### Task statement:
Give back the exact lines of the material below from the one containing "PhD candidate at" through the one containing "Photo of 1701 Summertime Dr", and no pictures.

### Data supplied:
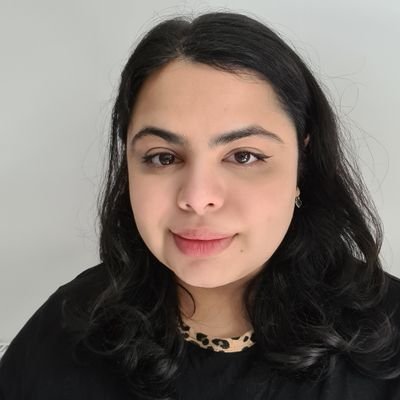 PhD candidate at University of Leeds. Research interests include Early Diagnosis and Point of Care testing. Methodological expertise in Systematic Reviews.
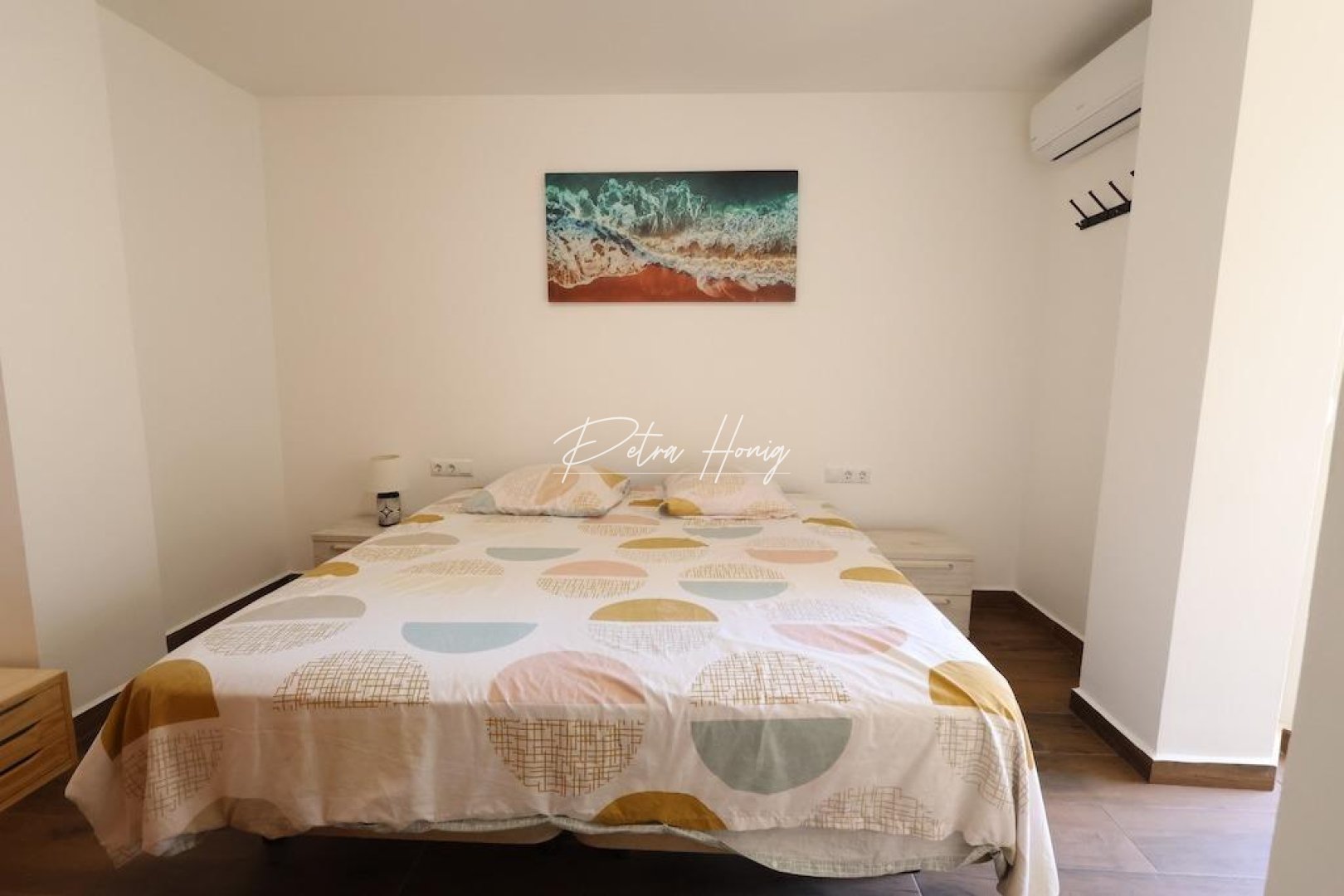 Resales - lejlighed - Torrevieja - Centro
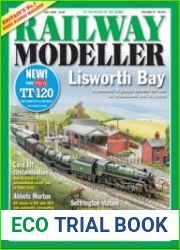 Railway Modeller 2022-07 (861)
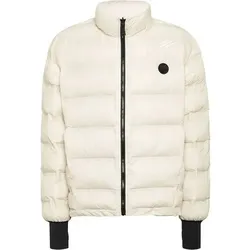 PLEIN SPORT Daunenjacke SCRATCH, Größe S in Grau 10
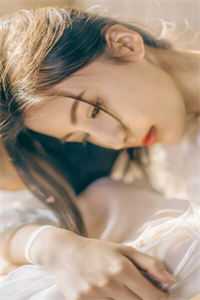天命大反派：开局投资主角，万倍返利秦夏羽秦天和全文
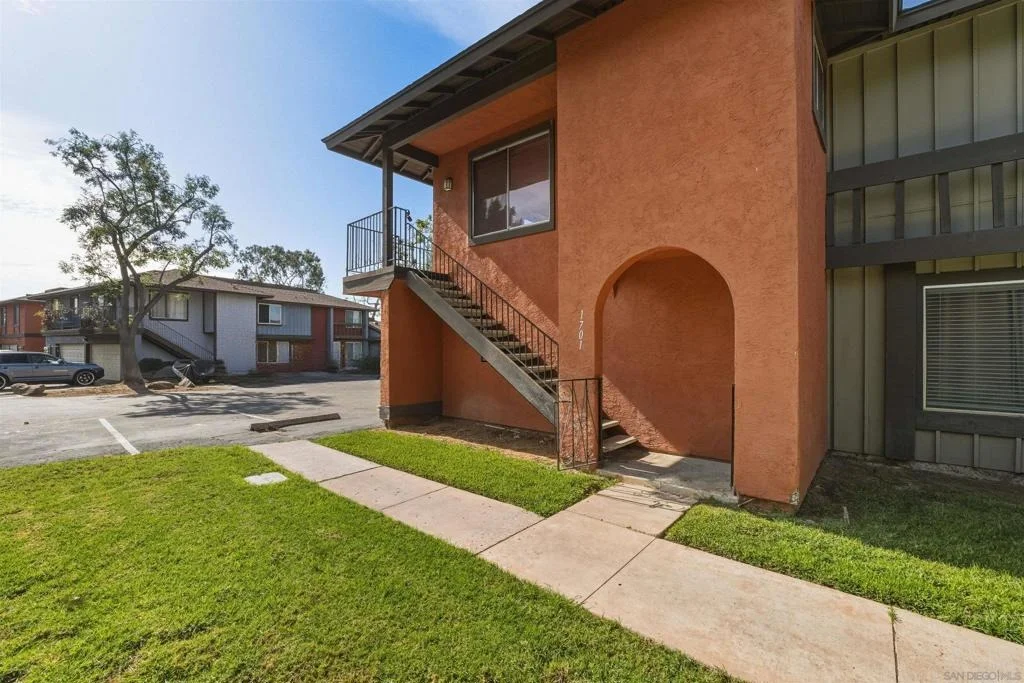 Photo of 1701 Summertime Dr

--

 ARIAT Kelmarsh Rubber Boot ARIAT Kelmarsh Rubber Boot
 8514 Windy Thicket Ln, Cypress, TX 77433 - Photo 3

### Answer area:
 PhD candidate at University of Leeds. Research interests include Early Diagnosis and Point of Care testing. Methodological expertise in Systematic Reviews.
 Resales - lejlighed - Torrevieja - Centro
 Railway Modeller 2022-07 (861)
 PLEIN SPORT Daunenjacke SCRATCH, Größe S in Grau 10
天命大反派：开局投资主角，万倍返利秦夏羽秦天和全文
 Photo of 1701 Summertime Dr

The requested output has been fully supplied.